Las células beta pancreáticas de rata liberan neurotransmisores a través de la fusión de beso y fuga. En las células endocrinas y neuroendocrinas , las vesículas similares a sinápticas (SLV) experimentan beso y fuga, pero ha sido controvertido si las vesículas grandes de núcleo denso (LDCV) también experimentan beso y fuga. ^[10] Los estudios han demostrado que las LDCV experimentan exocitosis de beso y fuga. ^{[10] [11]} MacDonald et al. utilizaron múltiples enfoques para probar la exocitosis de beso y fuga en células beta de rata. Al monitorear parches de membrana de células beta de rata intactas en presencia de 10 mM de glucosa y 5 mM de forskolina , MacDonald et al. encontraron que algunas vesículas experimentaron beso y fuga, como se vio por un evento exocitótico seguido de un evento endocitótico de una magnitud similar. ^[10] Los eventos de beso y fuga representaron el 25% de la exocitosis de LDCV y el 28% de la exocitosis de SLV. ^[10] Mientras que el beso y fuga de LDCV ocurrió el 25% del tiempo en presencia de forskolina, en ausencia de forskolina, la fusión de beso y fuga de LDCV ocurrió solo el 7% del tiempo. ^[10] Debido a que la forskolina aumenta los niveles de AMP cíclico (cAMP), el cAMP aparentemente juega un papel muy importante en el mecanismo de la fusión de beso y fuga de LDCV en las células beta pancreáticas de rata.

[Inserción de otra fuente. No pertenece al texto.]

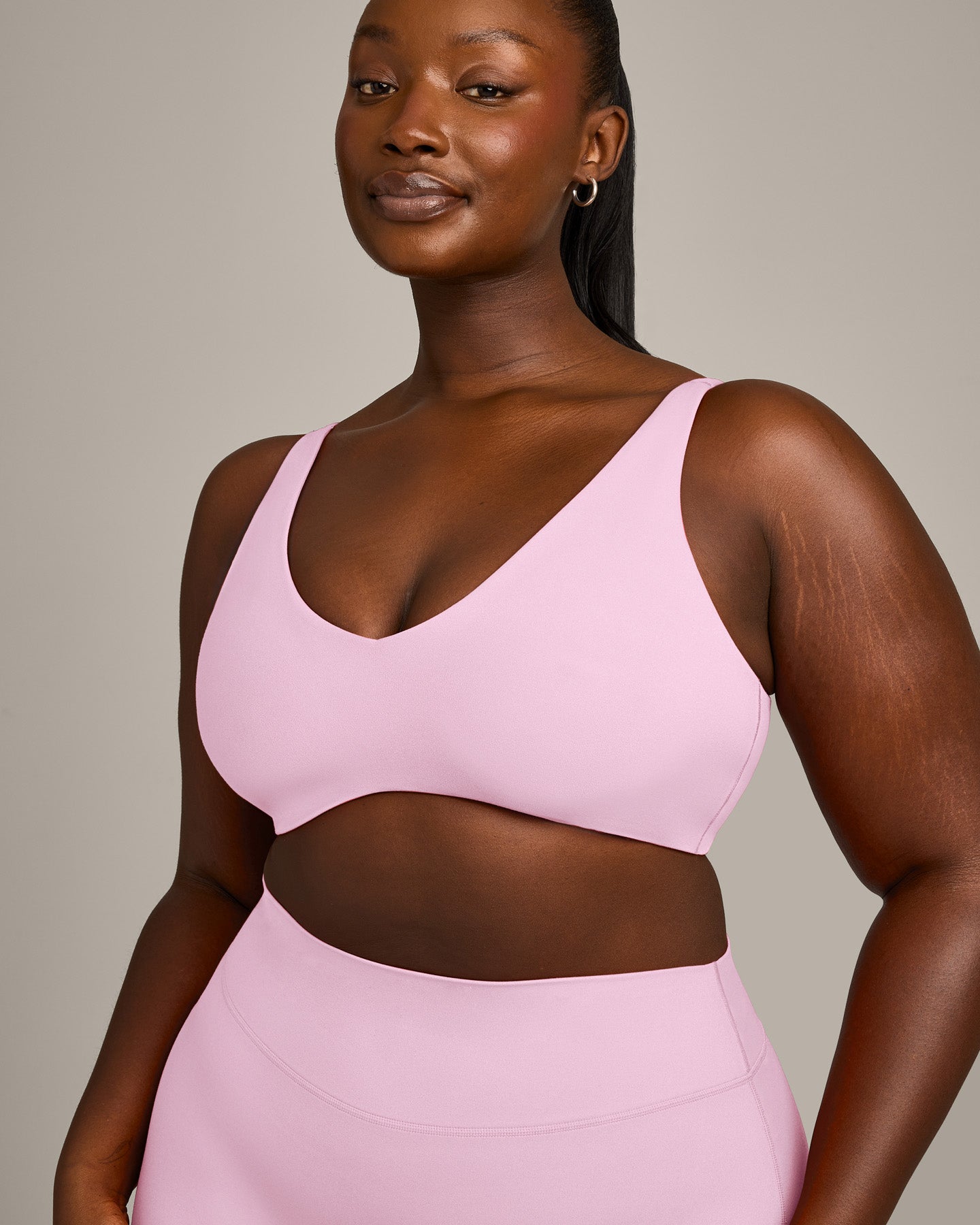 SoftMotion Scoop Back Bralette with Grey Logo | Chalk Pink - Image 4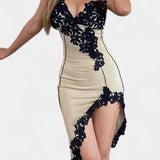 Diana Vestido Midi de Encaje Asimétrico con Paneles Elegantes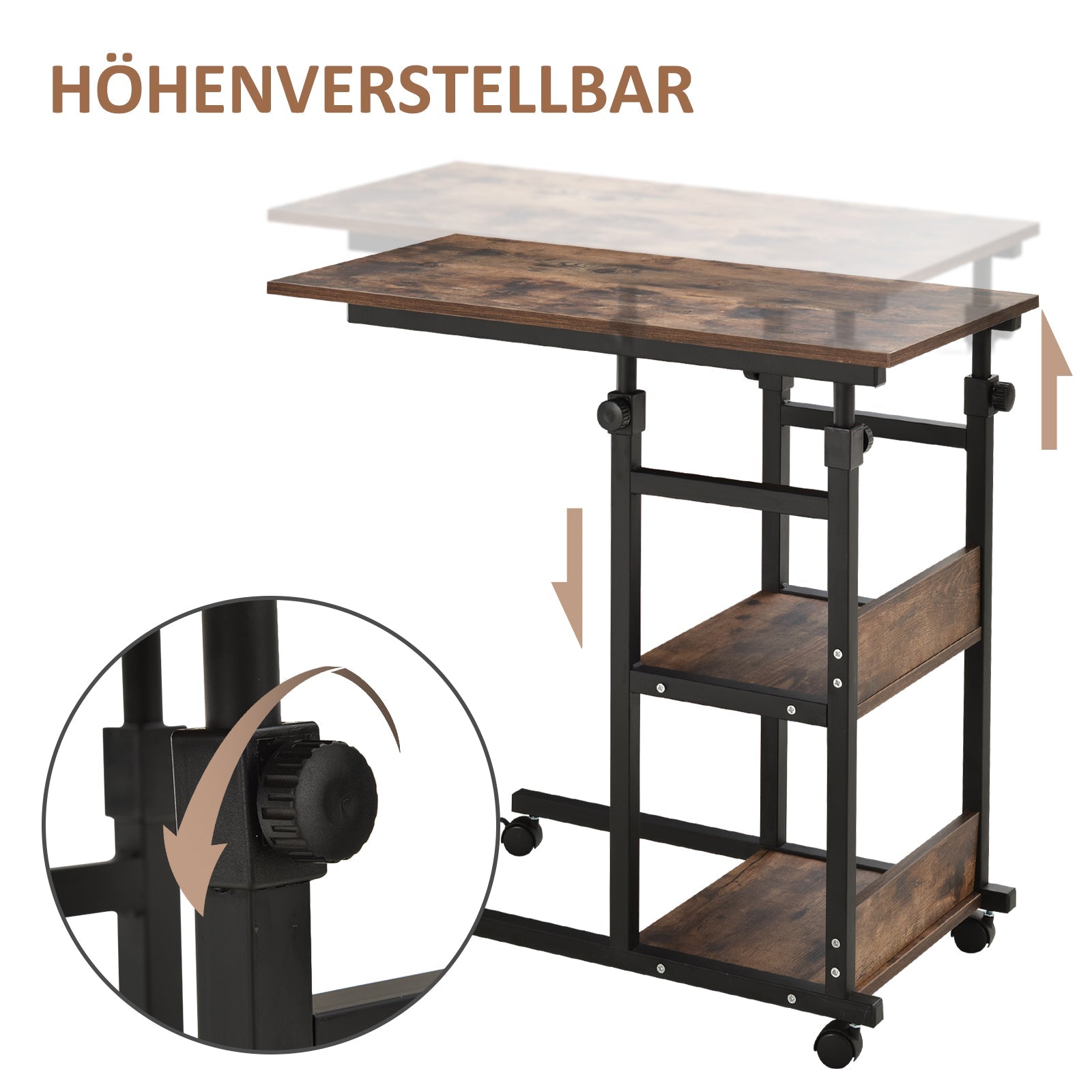 Beistelltisch, höhenverstellbarer Couchtisch 80x40x72-82 cm 2 Ablagen schwarzes Metall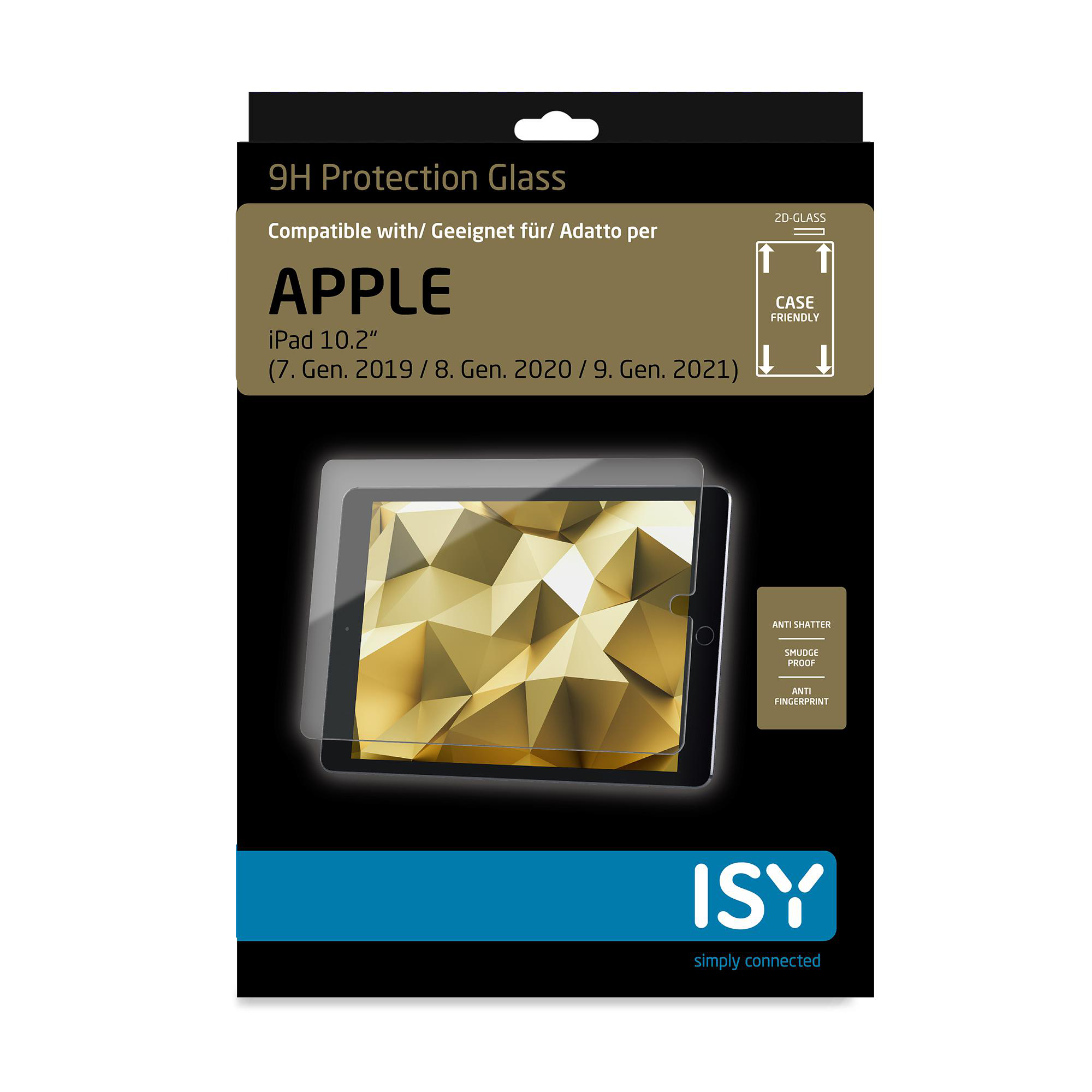 Eine Schutzfolie in der Verpackung. Die Verpackung ist schwarz, die Folie ist für ein iPad.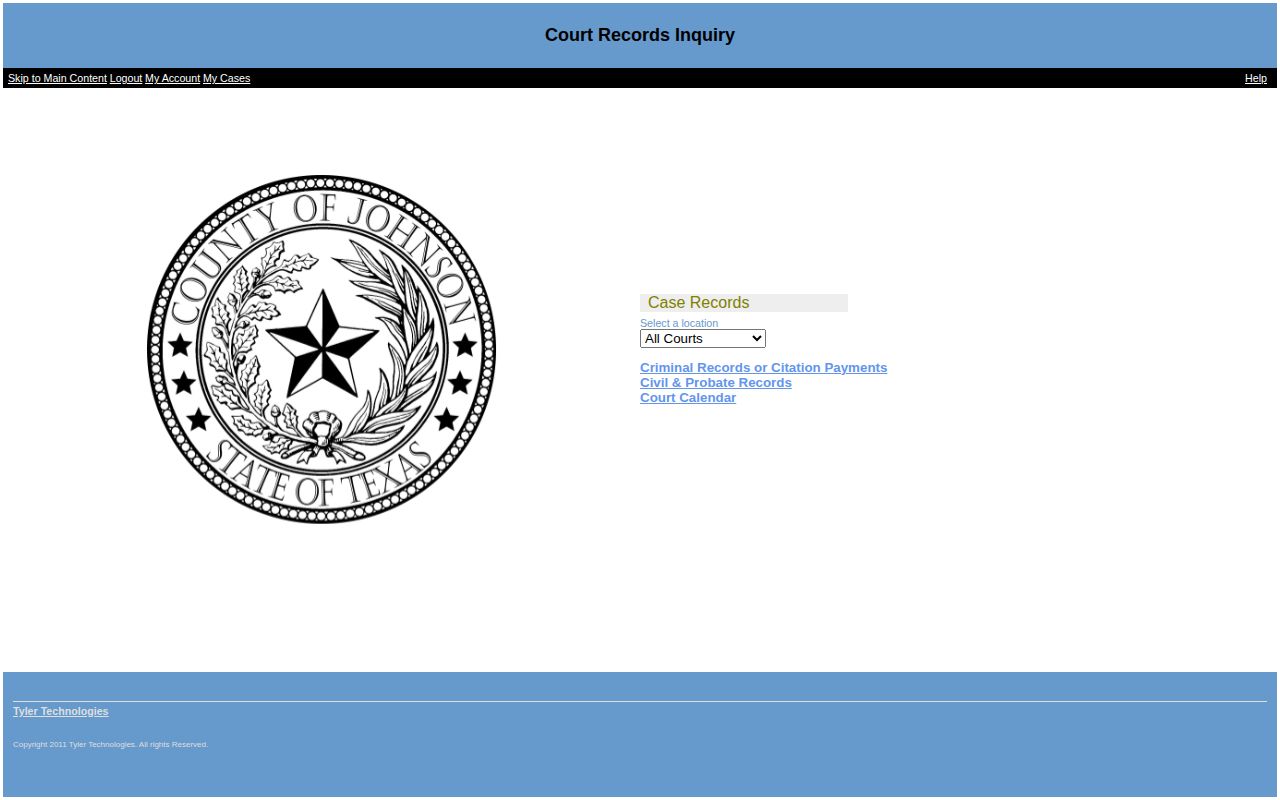 Johnson County Tyler Public Access criminal case search screen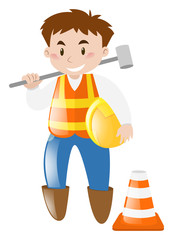 Construction worker with hammer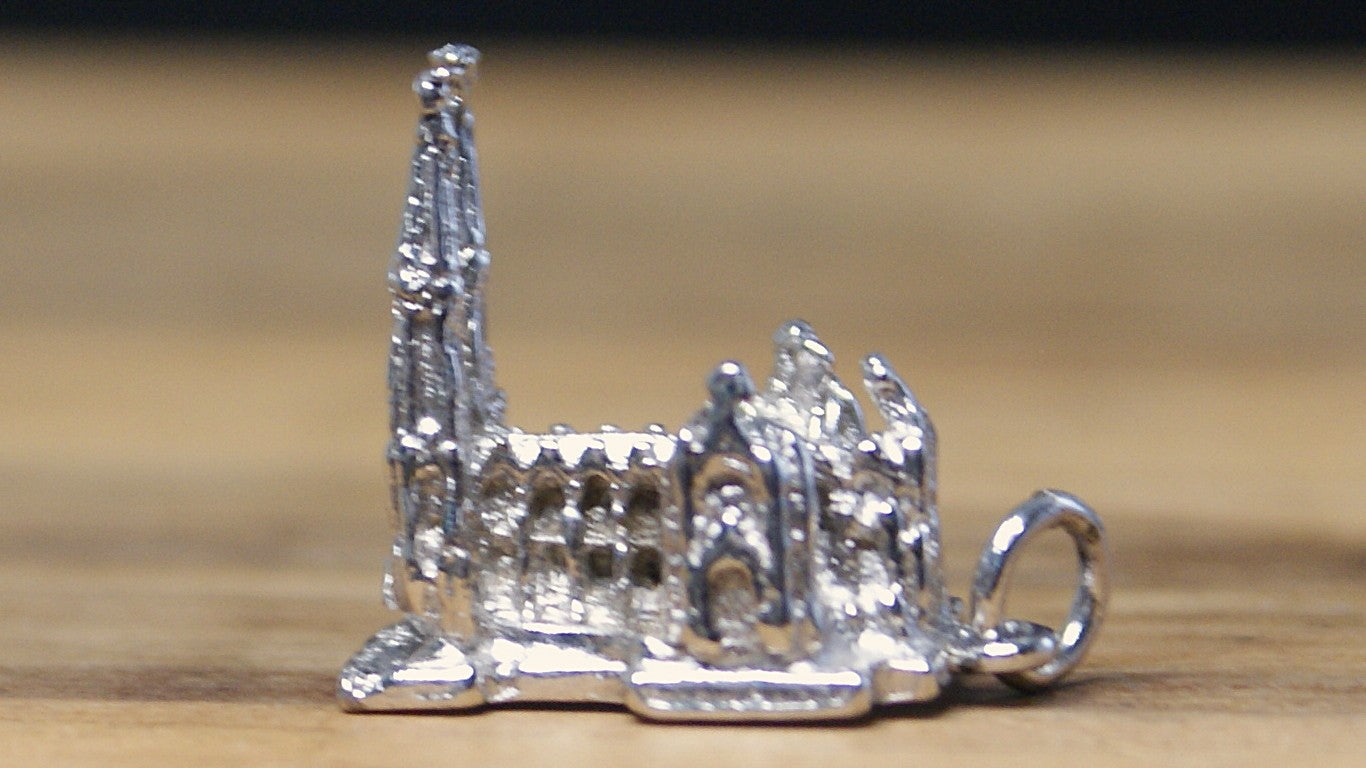 Saint Patrick's Cathedral Church Sterling Silver Religious Pendant - Sterling Silver St Saint Patricks Cathedral Church Charm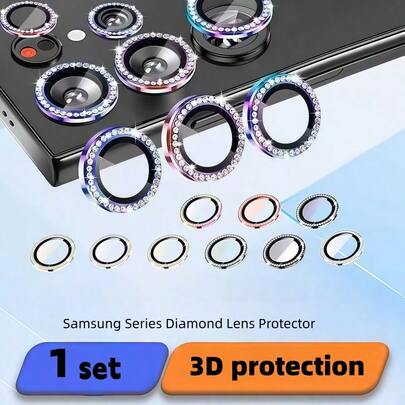(彩虹钻石) 多色相机镜头保护膜 9H 硬度防刮玻璃，彩虹闪光闪亮外壳，防刮高清清晰防震，适用于三星 24 Ultra/S23/S22/A16/A17/A07/A2/A6/Fold7/ /兼容 17 Pro Max/16 Pro Max/15 Pro/14/13/2/11，美观的闪光设计，无模糊照片，时尚手机装饰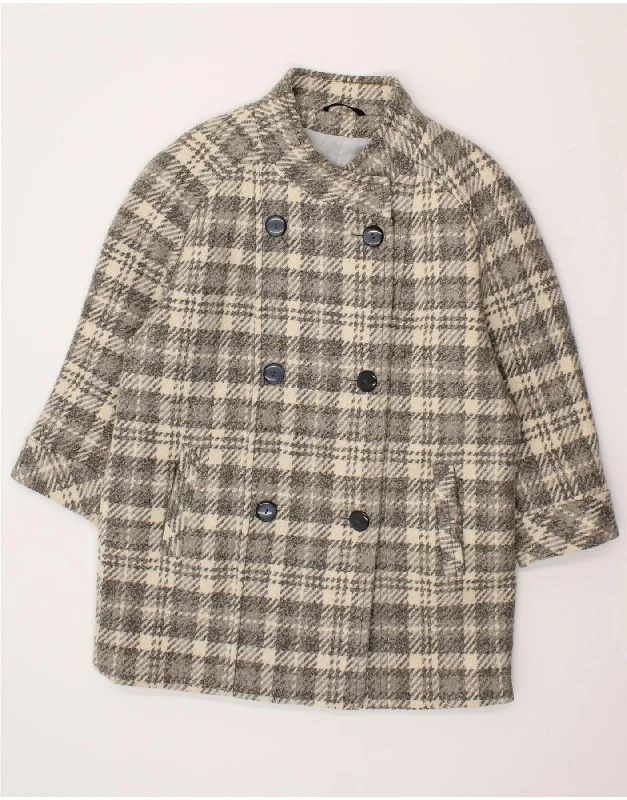Weekend Deals That Wow VINTAGE Womens Double Breasted Overcoat UK 12 Medium Grey Check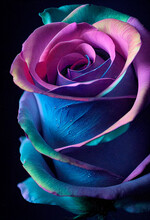 Head Of Blue And Pink Blooming Rose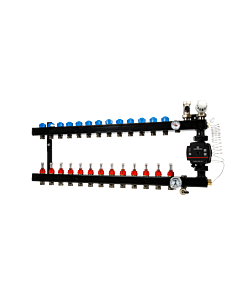12-groep In-line vloerverwarmingsverdeler 3/4” inreg.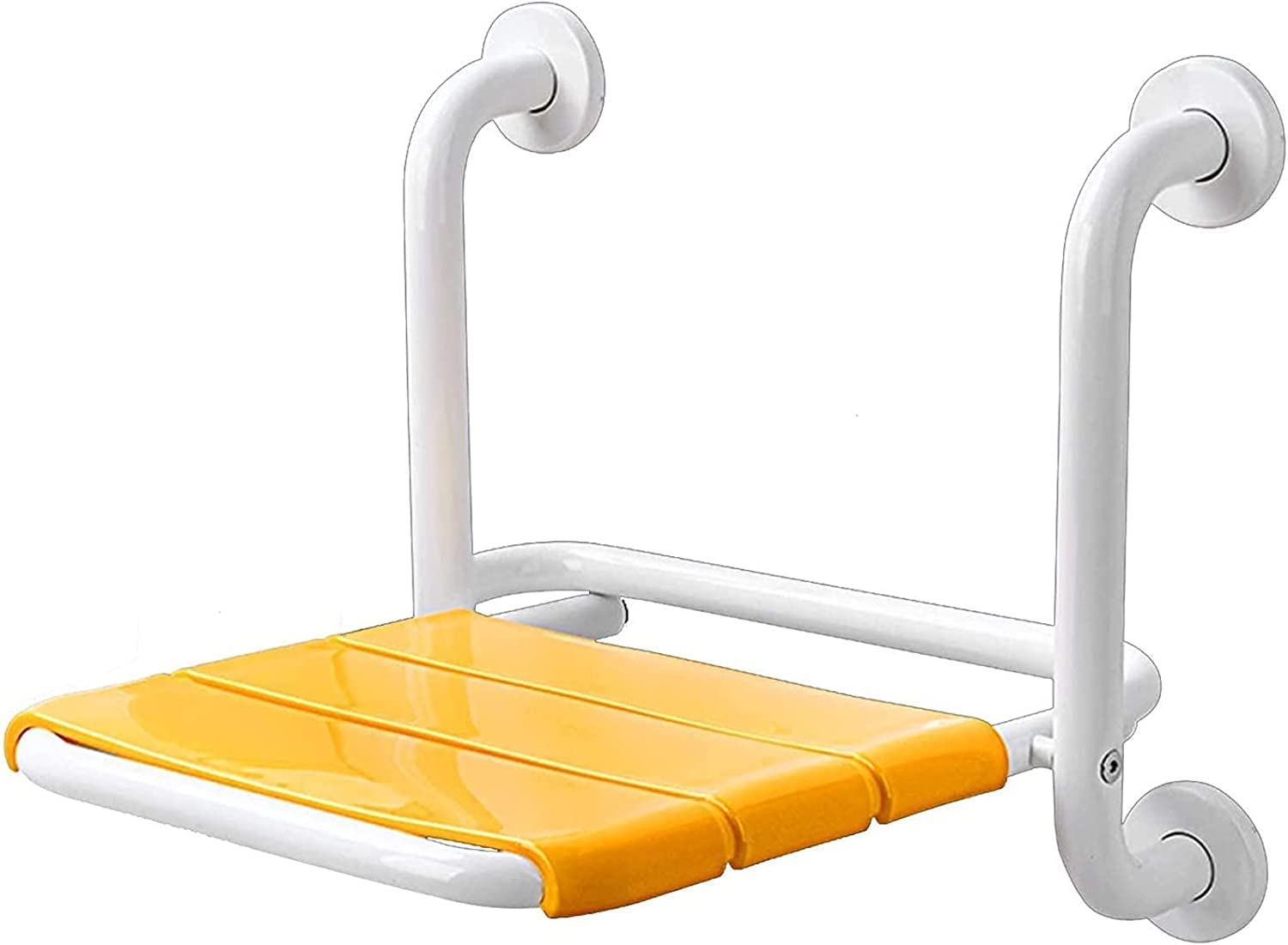 Siège de douche mural pliant jaune pour sécuriser la toilette des aînés
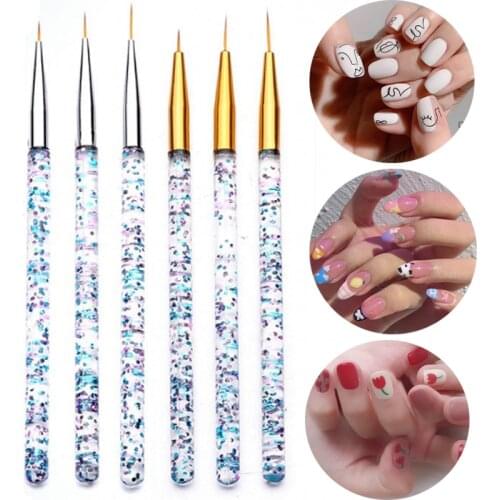 3pcs Nail Art Acrylic Crystal Carved Nail Brush UV Gel Extension Pen Nail Polish Painting Drawing Stripes Brush Painting Tool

Se ha demostrado que los poros de fusión SLV (diámetro de poro: 0,8 +/- 0,1 nm) y LDCV (diámetro de poro: 1,4 +/- 0,1 nm) durante el beso y fuga son lo suficientemente grandes como para permitir el eflujo de ácido gamma-aminobutírico (GABA) y trifosfato de adenosina (ATP), pero son demasiado pequeños para liberar insulina en las células beta pancreáticas de rata. ^[10] Por lo tanto, el mecanismo de beso y fuga podría estar implicado en complicaciones médicas que involucran insulina.

Sinapsis del hipocampo

Se ha demostrado que la exocitosis de beso y fuga ocurre en las sinapsis de las neuronas ubicadas en el hipocampo . Los estudios que utilizan FM1-43, un colorante anfifílico insertado en las vesículas o la membrana como marcador, han sido fundamentales para apoyar el beso y fuga en las sinapsis del hipocampo. En las sinapsis del hipocampo, se ha demostrado que las vesículas permiten la liberación normal de glutamato , un neurotransmisor excitatorio en el cerebro, sin permitir que el colorante FM1-43 entre o escape de la vesícula, lo que indica un mecanismo transitorio sugestivo de beso y fuga. ^[12] También se ha demostrado que los aumentos en la osmolaridad permiten una menor liberación de colorante en las sinapsis del hipocampo. En diversas soluciones hipertónicas, se liberó un 70% más de colorante FM1-43 de las vesículas estimuladas en 0,5 osM que de las vesículas estimuladas en 1,5 osM. ^[12] Por lo tanto, las vesículas ubicadas en regiones hipertónicas del cuerpo podrían tener más probabilidades de experimentar un modo de exocitosis de tipo "beso y fuga".

Mitocondrias

Las mitocondrias demuestran una fusión de beso y fuga en el intercambio de materiales de la membrana interna . Los estudios que utilizan KFP fotoactivado con luz verde y fluorescencia roja dirigidos a la matriz mitocondrial y PAGFP fotoactivado con luz cian y fluorescencia verde en células de rata han mostrado interacciones en las que el KFP y el PAGFP se transfirieron de una mitocondria a otra mitocondria a través de una fusión transitoria, lo que sugiere un mecanismo de beso y fuga. ^[13] A diferencia de la fusión completa de mitocondrias, que resultó en un solo orgánulo, la fusión transitoria de beso y fuga de dos mitocondrias resultó en dos membranas distintas. ^[13]

La manipulación del gen de atrofia óptica 1 (Opa1) tuvo efectos interesantes en la fusión entre mitocondrias. El silenciamiento del gen Opa1 disminuyó la actividad de fusión completa de las mitocondrias después de 24 horas, y la actividad de fusión completa se eliminó por completo después de que el gen Opa1 se silenció durante 48 horas. ^[13] La actividad de fusión transitoria de beso y fuga se mantuvo igual después de 24 horas de silenciamiento de Opa1. ^{[13] La fusión de beso y fuga es más común con niveles bajos de} expresión del gen Opa1 y niveles extremadamente altos de expresión del gen Opa1. Como resultado, la expresión de Opa1 gobierna la fusión en las mitocondrias con respecto al beso y fuga.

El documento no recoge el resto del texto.